Crisi idrica: in Sicilia dispersione al 51.6 %. Sta peggio la Sardegna

Lo rivela uno studio dell’Associazione Artigiani e Piccole Imprese Mestre. Nell’isola fa eccezione Trapani con perdite solo del 17,2 %

In Italia ogni 100 litri di acqua immessa nella rete per usi civili ne arrivano all’utente poco meno di 58. Gli altri 42 (3,4 miliardi di metri cubi) si perdono lungo la rete idrica che in molte parti del Paese è datata e in cattivo stato di salute. Lo rileva in uno studio la Cgia.

La dispersione – spiega la Cgia – è riconducibile a più fattori: alle rotture presenti nelle condotte, all’età avanzata degli impianti, ad aspetti amministrativi dovuti a errori di misurazione dei contatori e agli usi non autorizzati (allacci abusivi). ma non tutto il Sud versa in condizioni «disastrose»: a Trapani la dispersione raggiunge il 17,2%, a Brindisi il 15,7% e a Lecce il 12% .

I nostri consumi idrici totali ammontano a 40 miliardi di metri cubi all’anno. Di questi, il 41% è in capo all’agricoltura (16,4 miliardi di mc) il 24% viene impiegato per usi civili (9,6 miliardi di mci), il 20% per l’industria (8 miliardi di mc) e il 15% per produrre l’energia elettrica (6 miliardi di mc).

La situazione più critica è in Basilicata con una dispersione d’acqua del 65,5%]. Poi l’Abruzzo (62,5%), il Molise (53,9%), la Sardegna(52,8%) e la Sicilia (51,6%). Per contro, la Lombardia con il 31,8%, la Valle d’Aosta (29,8%) e l’Emilia Romagna (29,7%). Per la realizzazione di nuove infrastrutture idriche primarie, la riparazione, la digitalizzazione e il monitoraggio integrato delle reti idriche per diminuire le perdite d’acqua, il potenziamento e l’ammodernamento del sistema irriguo nell’agricoltura e per la depurazione delle acque reflue da riutilizzare in agricoltura e nel settore produttivo, il Pnrr ha messo 4,3 miliardi di euro, più un miliardo del Mit per ridurre le perdite nelle reti di distribuzione.

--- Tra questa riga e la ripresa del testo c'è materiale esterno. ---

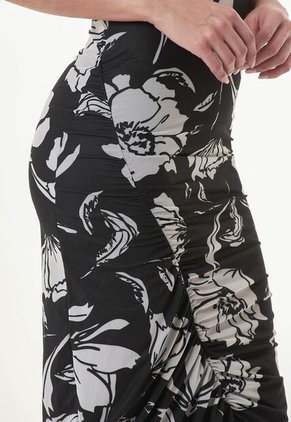 Vestido Largo Negro Con Malla Sublimada Para Mujer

«Soluzioni miracolistiche – sottolinea la Cgia – non ce ne sono, ma se vogliamo dare acqua a una parte del Paese che nei prossimi anni rischia la desertificazione potrebbe non essere sufficiente creare nuovi invasi, razionalizzare i consumi e mettere a nuovo la rete di distribuzione. Come hanno fatto con successo l’Arabia Saudita, il Kuwait, Israele e in parte anche la Spagna, non è da escludere che anche l’Italia debba puntare sull’uso dei dissalatori».

Le controindicazioni non mancano: come l’alto consumo di energia elettrica che contraddistingue questi impianti e i problemi di smaltimento dei prodotti chimici che sono usati per desalinizzare l’acqua. «Ma gli impianti di ultima generazione – conclude la Cgia – hanno, almeno in parte, superato molti di questi problemi ambientali. E sebbene i dissalatori in funzione in Italia siano di piccola dimensione, quelli fatti nell’Isola del Giglio, a Ustica e a Ponza hanno sin qui ottenuto dei risultati molto positivi».